# Jacks and more Jacks



## Capt. Delynn (Oct 4, 2007)

I had a last minute cancelation due to boat problems for Saturday. So, what should I do on my day off. Take the family and go fishing of course. Their boat is in the Destin Fishing Rodeo so we wanted to target big fish. We decided to fish for amberjacks and make one grouper stop. Well Mr. grouper was home but we were not man enough to pull him. He kicked our butts and has some cool jewelry he can show his girl friends. On to jacks. Decided not to keep anything under 50 and it all worked out for a change. Biggest went 77 lbs, smallest one was 50 and some change. Got some nice fish but we all know the fish story. The one that got away. Connie Jo(my wonderful wife) had the man on. But he will live to fight another day. Once more we picked a fight with a better FISH than we are. There was simply no stopping this fish. He man handled us like like little girls. Connie Jo, myself, and Carter did everything we could and then some but it was not meant to be. When it was over, I was laughing but I was the only one. It was a tense, emotional moment on the boat.There was a little cute blonde that was ready to drop dynamite to kill every fish on the place. Can I just say, She was not laughing with me. She was right on the edge of saying some very colorfulful words. I love you honey, keep your chin up, don't let it get you down, it will happen, I Promise. She wants a giant jack and I have a tall order to fill. By the end on the day, we held our heads high and thanked God for our bounty. But, the memory of the battle will always be in our heads. Maybe next time will be his day to come home with us. Who knows whats in the future, thats why we keep going back. Enjoy your time on the water with family and friends and remember each day. It could be our last. Enjoy the pictures. 

Captain Delynn Sigler
Offshore/Deepsea Fishing Guide
(850)689-3133 Hm/Office
(850)758-2165 Cell


----------



## MrFish (Aug 21, 2009)

That's an awesome day, Capt.!!


----------



## Aquahollic (Sep 24, 2009)

I cant believe that is only 77 lbs. It looks larger than that.


----------



## Capt. Delynn (Oct 4, 2007)

Yeah, 77 is it. Kais was the luck or unlucky one to catch that one. We would all be amazed at what some of those fish weight if we put them on a scale. Thats why I say NEVER WEIGHT THEM, They stop growing then!!!!!!! :thumbup: The one that Connie Jo and I are holding is 53 and some change. I wish we had taken pictures on the boat. They always look WAY bigger when you just pulled them out of the water.


----------



## wackydaddy (Jul 24, 2009)

Never cease to impress! When I get the time and enough people to chip in I'm booking you, you know it!


----------



## DAWGONIT (Jan 16, 2009)

Nice haul. Fish fry!!


----------



## Gamefish27 (Nov 13, 2009)

Capt. Delynn said:


> Yeah, 77 is it. Kais was the luck or unlucky one to catch that one. We would all be amazed at what some of those fish weight if we put them on a scale. Thats why I say NEVER WEIGHT THEM, They stop growing then!!!!!!! :thumbup: The one that Connie Jo and I are holding is 53 and some change. I wish we had taken pictures on the boat. They always look WAY bigger when you just pulled them out of the water.

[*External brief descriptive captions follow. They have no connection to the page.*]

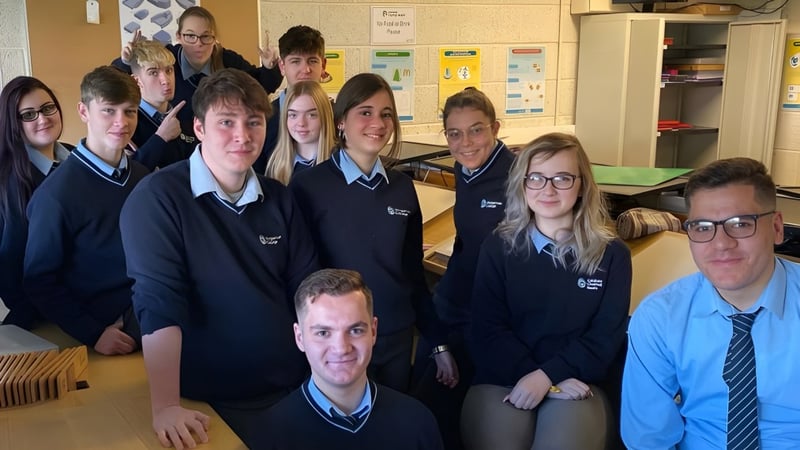 Schülerinnen, Schüler und Lehrkräfte des Dungarvan College posieren gemeinsam in einem Klassenraum mit Lernmaterialien im Hintergrund.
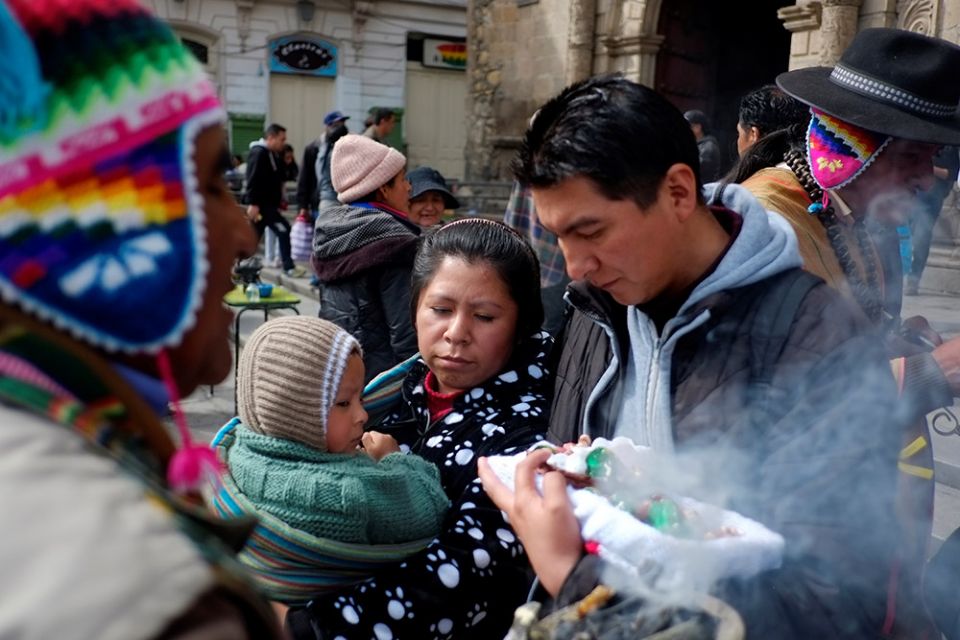 A family carries figurines of the Christ Child outside St. Francis Church during celebrations for the feast of the Epiphany, Jan. 6, 2019, in La Paz, Bolivia. (CNS/Reuters/David Mercado)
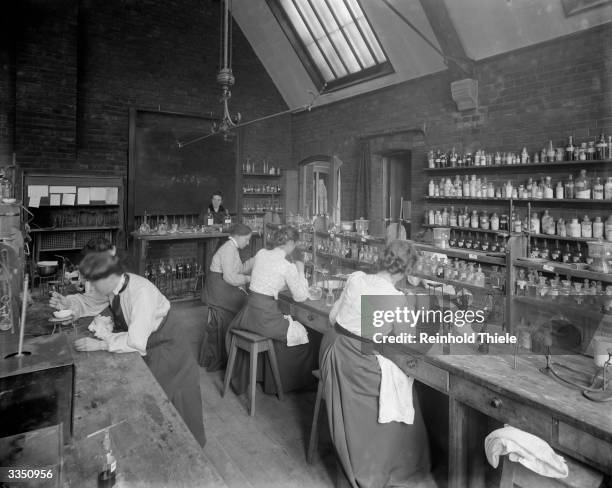 Female undergraduates at work in the laboratory at Girton College, Cambridge University. The college, founded in 1869, was the first for female...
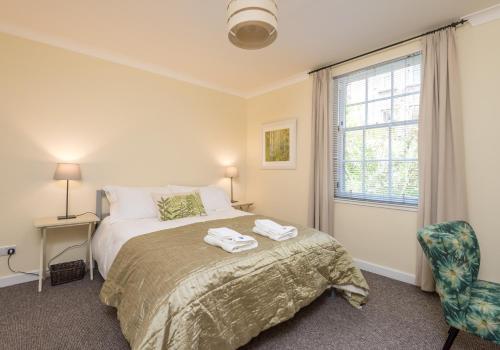 1 dormitorio con cama, ventana y silla en Castle Suite 3 Old Town, en Edimburgo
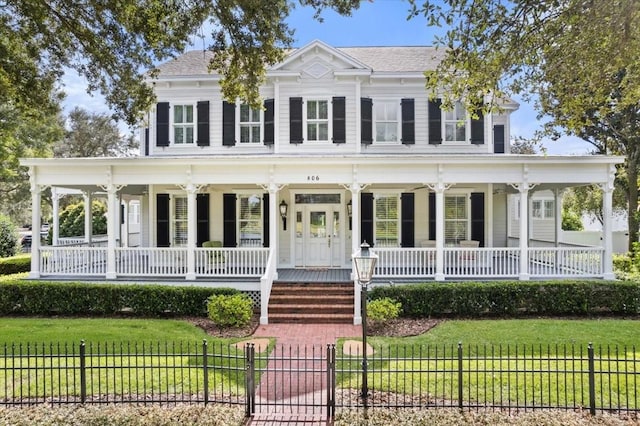 view of front of house featuring a front lawn and a porch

Thanks for not weighing in the Second AJ:thumbsup:..... and thanks for letting me weight in before you as I held 1st in AJ's for all of 2 mins. lol ..


----------



## cobe killer (Apr 13, 2008)

thats some back wrenching jacks for sure delynn!!!!! good fish anytime,anywhere!


----------



## Eastern Tackle (Jul 6, 2009)

Capt. Delynn said:


> Yeah, 77 is it.


Thats my lucky number :thumbsup: 7's and 4's.


----------



## Cape_Horn_24 (Feb 8, 2010)

Nice haul of fish capt!! I was the CH24 that launched at the same time you did on Saturday morning. It was nice meeting you and I will be contacting you when we have some extra $....:thumbsup:


----------



## GIBBS29REG (Jun 21, 2011)

The fish out there are ready for deer season.
No mercy Capt!!


----------



## Capt. Delynn (Oct 4, 2007)

Thanks guys, I have to give my credit to a great crew. They fished their butts off and worked really hard to get a big one. 

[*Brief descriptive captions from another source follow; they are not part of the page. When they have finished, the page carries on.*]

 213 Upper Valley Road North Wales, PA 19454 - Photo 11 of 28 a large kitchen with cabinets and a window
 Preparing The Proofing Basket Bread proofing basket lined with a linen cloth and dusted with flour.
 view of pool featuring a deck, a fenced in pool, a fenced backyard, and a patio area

Cape Horn 24 very nice to meet you Sat. morning. Hope you guys crushed them. Very nice boat and great crew you had there.


----------



## Cape_Horn_24 (Feb 8, 2010)

Capt. Delynn said:


> Cape Horn 24 very nice to meet you Sat. morning. Hope you guys crushed them. Very nice boat and great crew you had there.


Thanks, and yes we had a great time and a great crew!! :thumbup:


----------



## lobsterman (Sep 30, 2007)

Goodnight Lucille, now thats some reef donkeys. Great reward for a days work.
What size boat do you have?


----------



## Captain Jake Adams (Oct 3, 2007)

Heck yeah, that's what I'm talking about!


----------



## Deckhand Deputy (Jul 31, 2012)

Great Job again Capt. I want you to know I sure was jealous watching y'all head off shore with the Big Guns in the rod holders and me stuck fishing in the bay.....


----------



## philthefish (Aug 10, 2009)

WOW. I don't know how the heck you find those beasts. I got a sounder full of (hand-me-down) numbers, satellite and bathymetry charts in hand, all the right gear and I have yet to find a keeper AJ in 6 months - despite many, many 125 mile round trip runs. Impressive indeed! 

I sure wouldn't want to meet that big one in a dark alley...


----------